どこも「マスク着脱」は悩ましい問題なのに……
いやはや、卒業式のマスク問題で世間は大騒ぎである。
どこの学校も「マスク着脱」は悩ましい問題だ。「今、それ?」という感じで、「政府は何を言い出すんだよ……」と言いたくなる気持ちがある。正直、「もうどうでもいいや」という“コロナ疲れ”もあって、「ハイハイ、分かりましたよ。どうすりゃいいんでしょうか?」と各教育委員会のご指示を待った。
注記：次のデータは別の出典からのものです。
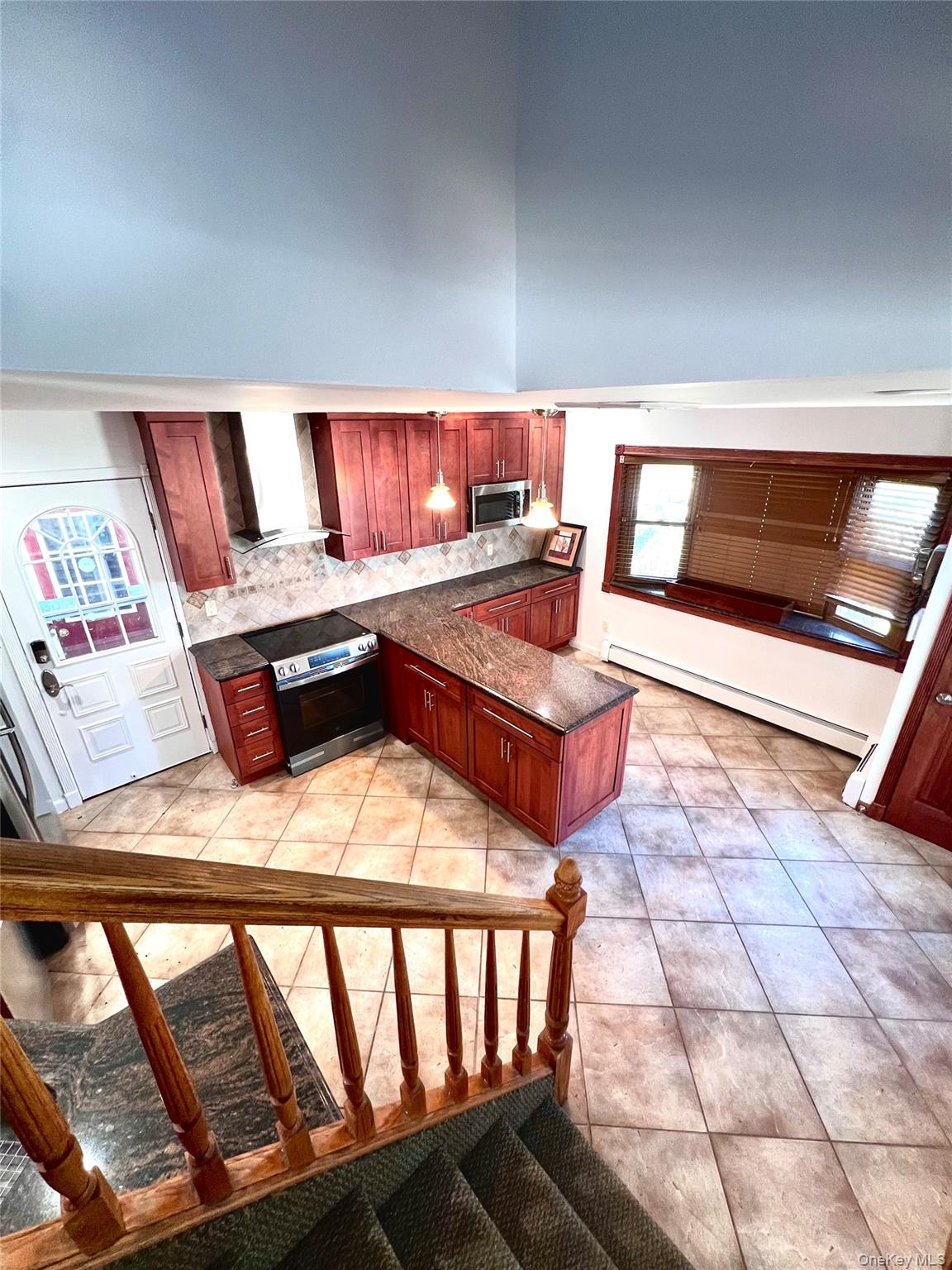 #4 photo, 63 Anchor Lane, Levittown , NY 11756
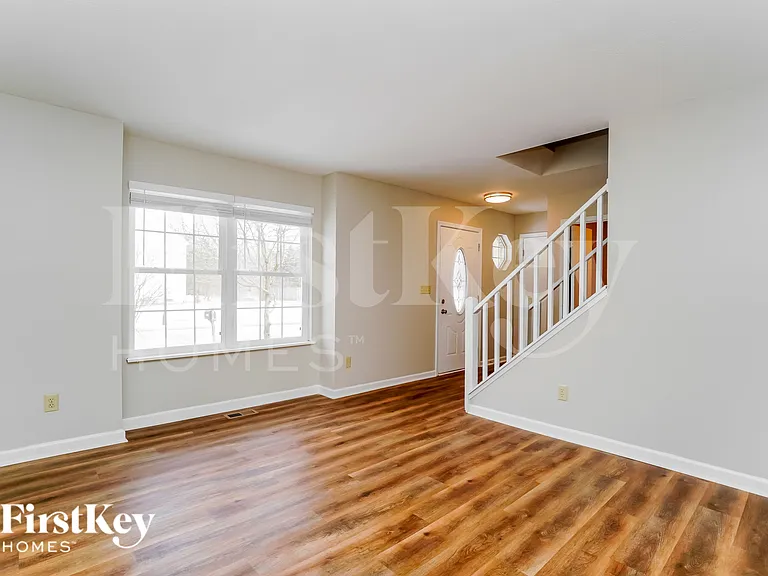 7809 Astra Cir — Photo 2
この3年間、新型コロナに振り回され、学校も対策に慣れたかなと思ったら、政府が「もう、いいでしょう、助さん格さん」(テレビ時代劇「水戸黄門」でご老公が、お供の助さん格さんに悪党へのお仕置きをやめさせるときに使うセリフ)みたいな話をしてきた。そして、一番の問題は、やはりマスクである。現場の混乱と、ことの本質に迫ってみたい。
子どもたちや保護者の不満と戸惑い
まず、卒業式は「マスクなし」が基本という方針が示されて以降に聞いた子どもたちの声を紹介したい。
「絶対に外すのはヤダ」
「はあ? 外すの、なんで? どうして? 意味分かんない」
「えっ、着けなくてよいって、やめてよ。だって、卒業式に着るはかまに合わせた、すっごいかわいいマスク用意しているのに~」
「おれは外すよ、イケメン見てほしいし」
「はっ、国歌斉唱で着けるの? 別れの言葉(呼びかけ形式)はどうするの? それも着けるの……えええ~、めんどくさ~」
「おれさ、別れの言葉さ、自分で言うのは一言だし、みんなで言うのは小さい声でいいからさ、マスク着けたくないんだよね。ううん、やっぱりどっちでもいいや。マスクって着けても着けなくても関係ないと思う」
「国歌も別れの言葉も、マスクしてれば、黙ってても分からないから気楽でいい」
「卒業式に着る服に、マスク入れるポケットあったかなあ……」
「受験は終わっているから、どうでもいいや」
一方、保護者たちからは次のような声が聞かれた。
「ちょっと心配ですねえ。感染リスクはどうなんでしょうか?」
「なんか教育的意義がドータラ、コータラ言ってますけど、マスクと関係あるんですか?」
「いやあ、よかったです。着物にマスクって似合いませんよ。成人式の時にマスク取った兄や友達の女の子のかわいい顔、すてきでしたよ。そもそもマスクって嫌…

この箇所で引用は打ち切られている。